Die Dame verstand es, ihren Verstand zu gebrauchen; fast hätte er sich eine Blöße gegeben. Hastig sagte der Manager: »Der Kunde ist bereits verstorben, gnädige Frau. Es wird nur noch alles überprüft und für den neuen Kunden vorbereitet. Das dauert natürlich etwas, da wir es mit dem Service sehr genau nehmen.«

Die Frau nickte zustimmend.

»Welche Kategorie?«

»B-1, Madam. Ein sehr gepflegtes Haus.«

»Ich hatte mir A-1 vorgestellt.«

»Tut mir leid, da ist wirklich alles belegt. Wir haben bereits Dreißigjährige dafür auf der Warteliste stehen.«

»Was sind das für Menschen in dem B-1-Heim?«

»Fast ausschließlich Akademiker. Wissenschaftler, hohe Beamte, Ärzte ‒ alles integre Persönlichkeiten. Außerdem ist es ein recht großes Haus mit etwa neunhundert Bewohnern einschließlich der obligatorischen K-Ebene. Es wird somit einiges geboten.«

»Reservieren Sie mir das bitte.«

Steve Hancroft wiegte bedenklich den Kopf, so, als ob er Skrupel habe und abwägen müsse, welche von den Damen den Platz dringlicher benötigte.

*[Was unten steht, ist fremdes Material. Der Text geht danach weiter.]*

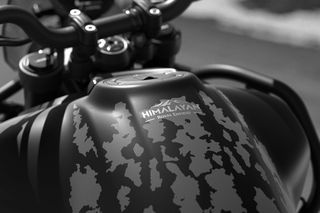 Royal Enfield Himalayan 2026 450 Mana Black (Tubeless)-thumb-4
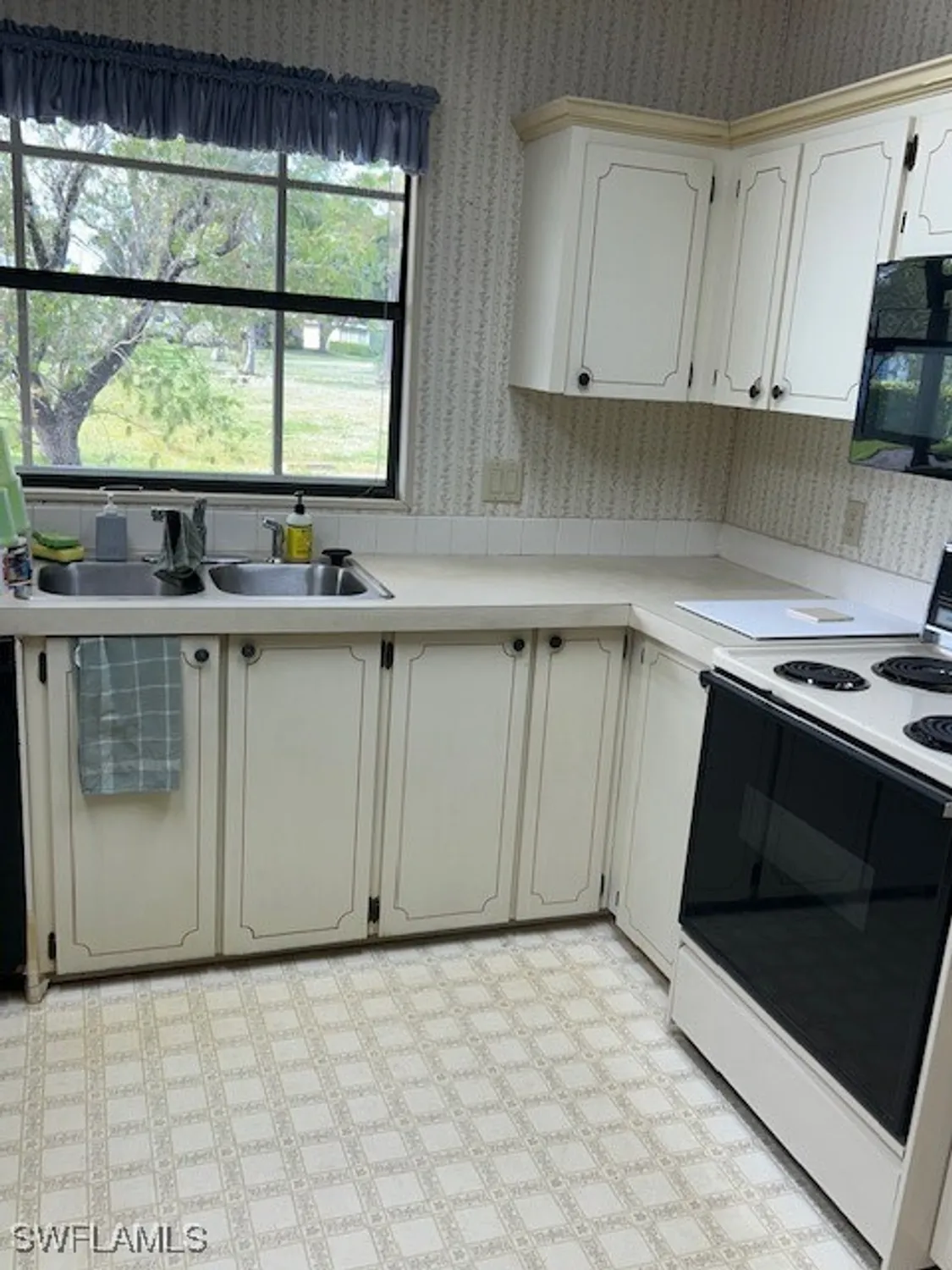 Property Slideshow image 5 of 21 | 105 belle isle cir, Naples, FL, 34112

In Wahrheit hatte er seinen Entschluss längst gefasst.

»Ich müsste dann der anderen Lady absagen.«

»Tun Sie das. Was zahlt sie?«

Der Mann nannte eine unverschämte Summe.

»Ist das nicht ein bisschen viel?«

»Bedenken Sie, dass die Einheiten begrenzt sind. Die Nachfrage ist höher als die Kapazität.«

»Also gut, ich akzeptiere Ihren Preis. Benötigen Sie noch etwas von mir?«

»Die Vollmacht über Ihr Konto, gnädige Frau. Da der Platz bereits übermorgen frei wird, muss die Zahlung ab diesem Tag erfolgen. Ich hoffe, Sie verstehen das.«

»Eines muss ich Ihnen zugestehen: Geschäftstüchtig sind Sie.«

»Sie aber nicht weniger, gnädige Frau.«

Erneut machte sich der Manager an der Konsole zu schaffen. Er tippte einen mehrstelligen Code ein, wodurch automatisch ein vorbereitetes Programm abgefahren wurde. Es war Jeffs Todesurteil.

Die Dame mit Namen Noreen Thorny würde seinen Platz einnehmen.